Piekę od jakiegoś czasu chleb w automacie. Jest dobry, ale brakuje mi przypieczonej skórki. Niestety nie mamy kuchenki gazowej, ani elektrycznej z piekarnikiem. Mamy piekarnik przenośny, duży, ale nie chce mi się go wyciągać do 1 chleba.

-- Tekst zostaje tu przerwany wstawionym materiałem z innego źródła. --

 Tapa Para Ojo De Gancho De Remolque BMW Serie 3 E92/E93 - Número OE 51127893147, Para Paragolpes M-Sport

Postanowiłam upiec chleb w prodiżu.
Efekt, rewelacja!!!
Ciasto wymieszałam w automacie na programie ciasto, potem przełożyłam na blaszkę tortową posypaną mąką. Piekłam 45 min. "Wnuczek" orzekł, że mogłam lepiej przypiec i następnym razem spróbuję na otrębach, mąka jakoś nam nie podeszła, ciężko było ją oskrobać.
Korzystałam z przepisu:
-250g mąki pszennej typ 650
-250g mąki żytniej typ 720
-310 ml wody
-1 łyżeczka cukru
-2 łyżeczki soli kamiennej
-25g drożdży świeżych
-1 czubata łyżeczka suchego zakwasu (znalazłam w sklepie ze zdrową żywnością)
-3 łyżki oleju
Tutaj chlebek z przepyszną wędlinką "Wnuczka". Wędzoną łopatką i kiełbasą krakowską.